Filter the listing below, please, and copy only the lines with the word "After".

###

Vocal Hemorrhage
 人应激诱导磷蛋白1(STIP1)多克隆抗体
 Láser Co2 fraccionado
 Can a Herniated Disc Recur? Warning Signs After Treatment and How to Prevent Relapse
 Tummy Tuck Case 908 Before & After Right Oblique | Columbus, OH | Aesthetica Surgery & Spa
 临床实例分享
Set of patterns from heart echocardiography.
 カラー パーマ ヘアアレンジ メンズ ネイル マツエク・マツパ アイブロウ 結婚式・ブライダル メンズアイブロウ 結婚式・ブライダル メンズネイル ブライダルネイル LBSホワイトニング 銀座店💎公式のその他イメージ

###

SOLUTION TO THIS TASK >>
 Can a Herniated Disc Recur? Warning Signs After Treatment and How to Prevent Relapse
 Tummy Tuck Case 908 Before & After Right Oblique | Columbus, OH | Aesthetica Surgery & Spa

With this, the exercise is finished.